As climate change continues to turn up the temperature around the world, it’s becoming increasingly clear that nowhere, no matter how developed, is truly safe from its effects.

A recent housing analysis in the U.K., as reported by the Guardian earlier this week, revealed that a significant portion (48 per cent) of homes belonging to “the poorest fifth of English households,” are at risk of overheating as England contends with higher summer temperatures. Minority ethnic U.K. residents, children and seniors face particular danger.

Even the wealthiest English are not entirely spared — 17 per cent are at risk. Private rented homes fare better in their ability to manage heat than rentals.

As the country endures a summer of heat waves, the risks associated with a too-hot home are quite real. High temperatures in homes are connected to everything from respiratory issues to mental health problems. And while first-world countries such as the U.K. are considered to be developed, post-industrial ones, their construction standards for decades have followed the requirements of a bygone era — they do have, for example, the same level of air conditioning seen in many homes where warmer temperatures have been the norm.

Experts in the U.K. have called on government to update future homes to better contend with the climate realities of today. But even if recommendations come to fruition as expected in 2027, that is a long-term project which does little to help people stuck in overheating homes built in the past century. Like many people, those residents may have to face the difficult choice between sticking it out, or leaving for cooler pastures — or at least pastures with superior A/C.

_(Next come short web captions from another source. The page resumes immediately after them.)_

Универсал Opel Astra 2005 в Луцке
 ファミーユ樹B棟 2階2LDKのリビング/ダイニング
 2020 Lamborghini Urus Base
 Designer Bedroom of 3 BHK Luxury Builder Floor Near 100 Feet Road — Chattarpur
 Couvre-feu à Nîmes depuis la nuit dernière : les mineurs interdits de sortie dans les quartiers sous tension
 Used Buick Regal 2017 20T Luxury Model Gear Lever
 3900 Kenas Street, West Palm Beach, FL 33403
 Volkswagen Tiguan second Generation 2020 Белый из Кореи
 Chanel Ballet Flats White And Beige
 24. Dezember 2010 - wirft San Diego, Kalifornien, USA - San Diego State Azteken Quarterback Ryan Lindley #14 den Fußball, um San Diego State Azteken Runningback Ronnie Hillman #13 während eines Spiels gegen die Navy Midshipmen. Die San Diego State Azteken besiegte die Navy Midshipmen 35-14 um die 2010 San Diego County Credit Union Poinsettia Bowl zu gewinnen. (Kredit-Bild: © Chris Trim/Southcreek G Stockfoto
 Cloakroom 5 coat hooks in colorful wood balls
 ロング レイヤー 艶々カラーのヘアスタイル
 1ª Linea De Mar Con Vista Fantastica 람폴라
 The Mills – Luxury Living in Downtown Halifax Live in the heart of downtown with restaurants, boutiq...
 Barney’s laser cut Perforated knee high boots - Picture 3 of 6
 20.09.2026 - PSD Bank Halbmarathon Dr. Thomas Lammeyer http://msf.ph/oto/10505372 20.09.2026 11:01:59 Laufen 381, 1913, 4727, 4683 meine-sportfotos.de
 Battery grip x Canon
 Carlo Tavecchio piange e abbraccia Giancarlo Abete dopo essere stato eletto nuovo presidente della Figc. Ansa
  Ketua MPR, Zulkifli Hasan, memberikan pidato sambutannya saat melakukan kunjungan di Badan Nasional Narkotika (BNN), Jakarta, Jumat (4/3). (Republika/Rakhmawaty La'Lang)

That said, the idea of waves of climate refugees flooding into the first world is a misguided one, at least according to the data. The UN Refugee Agency, via a webpage dedicated to debunking climater refugee myths, states “suggestions that large numbers of people fleeing climate change in the Global South will head to the Global North are not supported by current evidence,” as most people displaced by climate-related disasters relocate within their own countries, or sometimes to a neighbouring nation. According to the agency, in 2022 more than 32 million people were internally displaced due to floods, storms, wildfires, and other weather-related disasters. That’s a 41 per cent increase from 2008.

We’re getting a view of that here in Manitoba as well, as people in the province’s North are evacuated to the south amid raging wildfires. The era of the climate refugee is here, but they are not coming from abroad.

However the UN is clear that disasters aren’t the only things which can make one a climate refugee — climate change is a “threat multiplier” exacerbating poverty, loss of work, and other factors, which can themselves drive people to move elsewhere — which is closer to the situation the U.K. is facing.

It is difficult, according to the UN, to establish just how many people climate change will displace, because it depends on how humanity tackles the crisis from here on out. But what’s clear is this: from Manitoba’s North, to English apartment buildings, to ecologically ravaged nations in the Global South, nowhere is free and clear of the damage.

That means governments around the world are all equally incentivized to mitigate the damage before too many people are driven too far from home because of it — and it means all of us will have to find a way to help all those who are forced to flee.